If I'm reading this correctly, the unfortunate part about using nvarchar rather than a native JSON data type is that it's entirely possible to store malformed JSON into the database, thus putting the responsibility for validation on your business logic. When querying, you need to exclude malformed JSON by using the ISJSON() operator.

I get the argument that nvarchar makes it work with all tooling, but one could make the argument that if your tools don't support JSON already then perhaps they need to get with the times.

Imagine if SQL Server didn't have any date types and you had to query an nvarchar data type with ISDATETIME() and then get the year via DATE_VALUE(t.OrderDate, '$.year'). Seems a bit too hackish.

bjg · on May 19, 2015

The article points out that you can use their ISJSON function as a check constraint on your column, guarding it from malformed data:

> ISJSON( jsonText ) that checks is the NVARCHAR text input properly formatted according to the JSON specification. You can use this function the create check constraints on NVARCHAR columns that contain JSON text.

biot · on May 19, 2015

Thanks... I somehow missed the check constraint ability, which addresses the malformed data issue.

__Joker · on May 19, 2015

Not to nitpick. But you want this validation to be default. In this case which it can't be.
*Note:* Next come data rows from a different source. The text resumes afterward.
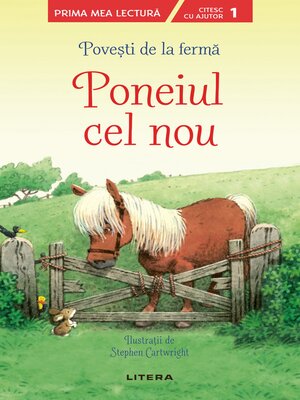 cover image of Povesti de la ferma
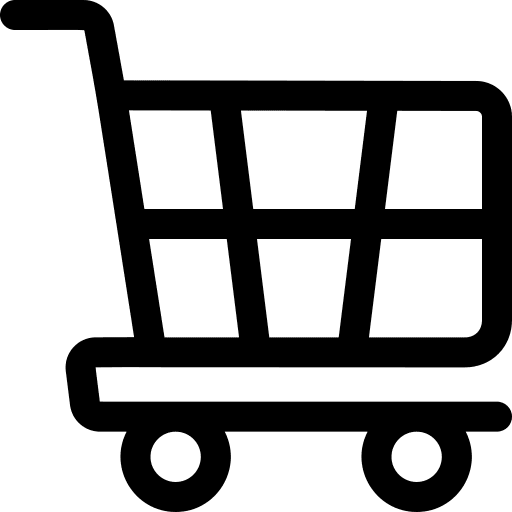 Shopping cart shop commerce buy icon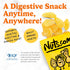 (2 lbs) Nuts.com Crystallized Ginger Pieces - Premium Crystallized Ginger Slices - Spicy & Sweet Candied Ginger Pieces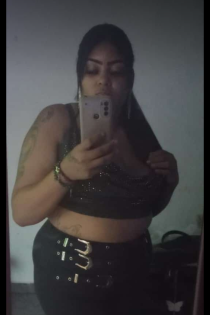 Raquel Farias, 25-aastane, São Paulo / Brasiilia saatjad – 1
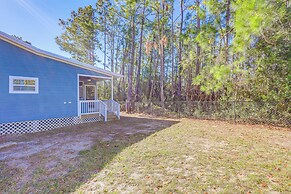 Anglers Paradise! Steinhatchee Home, Dogs Welcome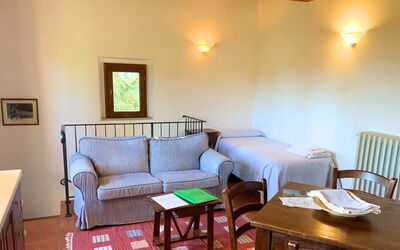 Accommodatie:&nbsp;Le Fonti 3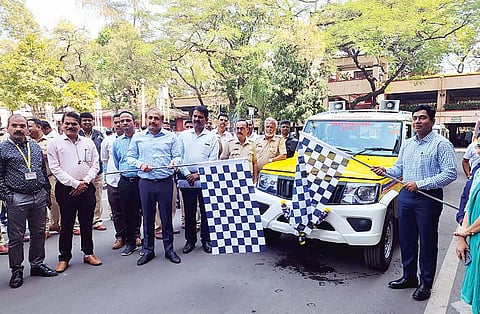Pune News : घाण करणार्‍यांवर आता कारवाईसाठी भरारी पथक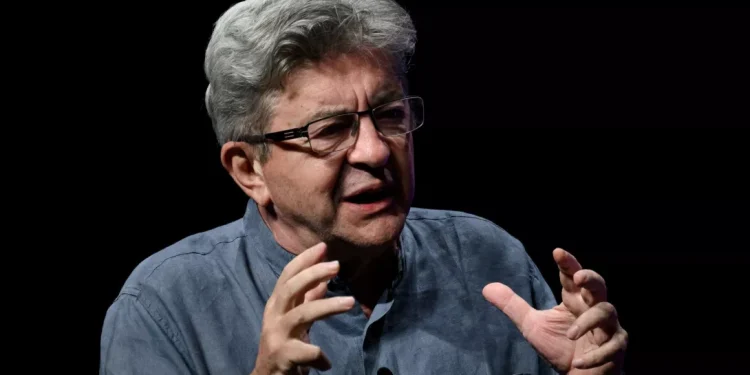 جان لوك ميلانشون. ما يحدث في غزة “ليس دفاعًا مشروعًا عن النفس وإنما إبادة عرقية”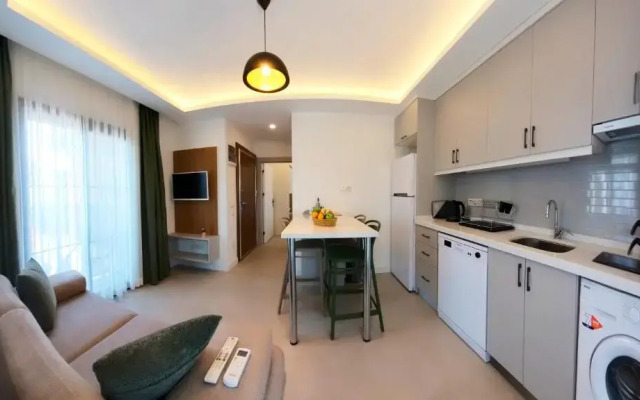 Delya Apart Hotel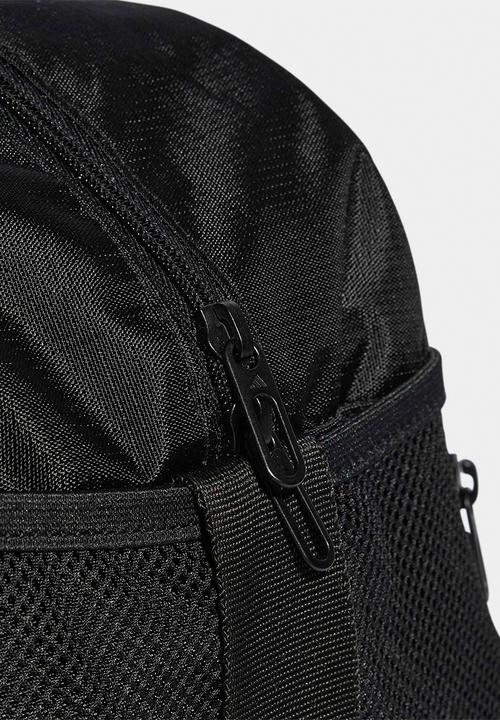 adidas Performance - DEF gym bag - black/silver
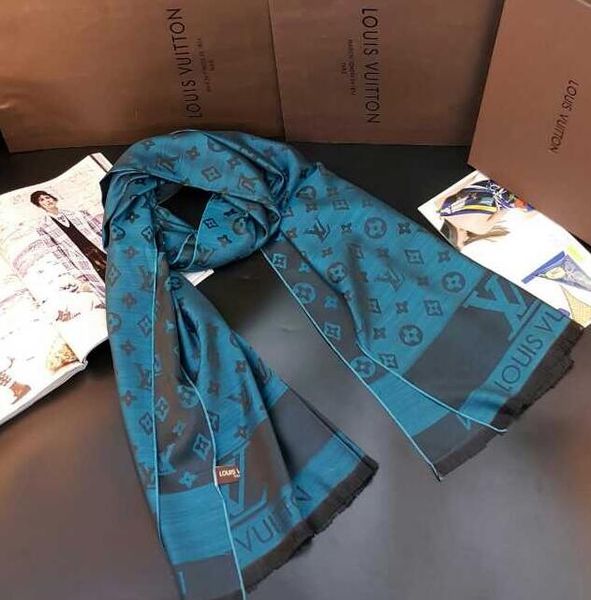 2020 classic silk scarf fashionable female decorative silk scarf spring and summer print shawl size 180*70cm 005, Blue;gray
2020 classic silk scarf fashionable female decorative silk scarf spring and summer print shawl size 180*70cm 005, Blue;gray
Question is what stopped MS to just wrap this NVARCHAR with json validation and json access and give it as json type. May be native json type will be added in future versions. I think just they wanted to ball to rolling.
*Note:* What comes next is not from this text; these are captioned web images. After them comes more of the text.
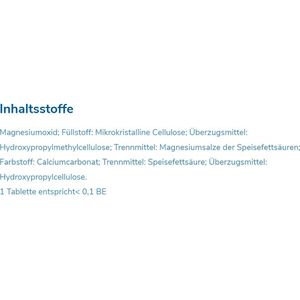 Produktbild für Magnesium tetesept 30 Tabletten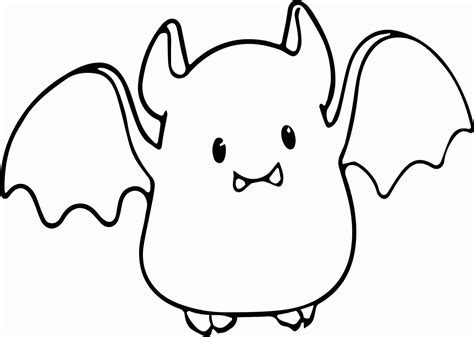 Vampire Bat Coloring Pages at GetColorings.com | Free printable ...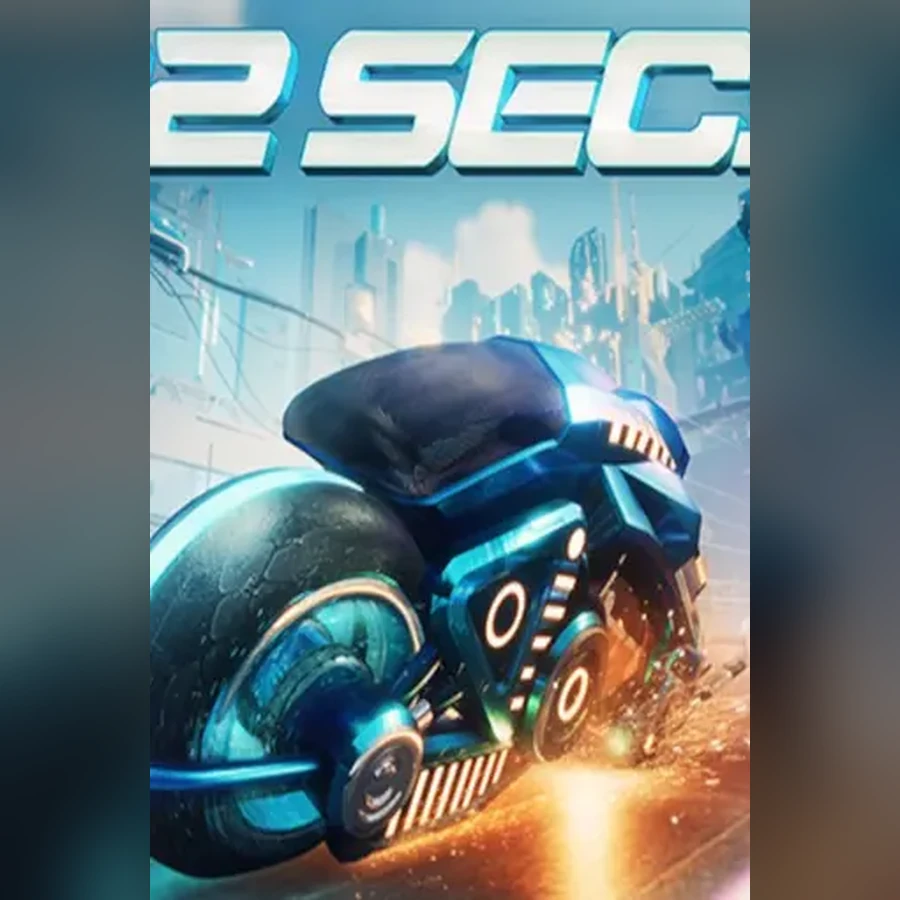 32 SECS cover art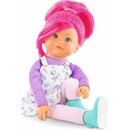 Corolle Nephelie Rainbow Dolls s hodvábnymi vlasmi a vanilkou ružová 38 cm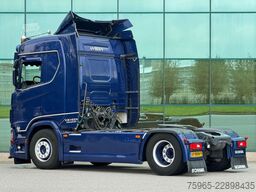 SCANIA R450 LOW ROOF RETARDER FULL AIR RETARDER TOP CON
taspeotis · on May 19, 2015

> Question is what stopped MS to just wrap this NVARCHAR with json validation and json access and give it as json type

A large part of the blog post [1] is dedicated to this issue?

> In SQL Server 2016, JSON will be represented as NVARCHAR type. There are three reasons for this:

[1] http://blogs.msdn.com/b/jocapc/archive/2015/05/16/json-suppo...

ahachete · on May 19, 2015

Surprised that they mention PostgreSQL. Surprised even more that they seem to admit PostgreSQL is more advanced now than what they are releasing next year.

However, they incorrectly mention that PostgreSQL supports BSON. It doesn't. It rather has a data type called "jsonb", which is a binary JSON serialization, but has nothing to do with BSON (which happens to be MongoDB's serialization format, and a relatively poor one, by the way).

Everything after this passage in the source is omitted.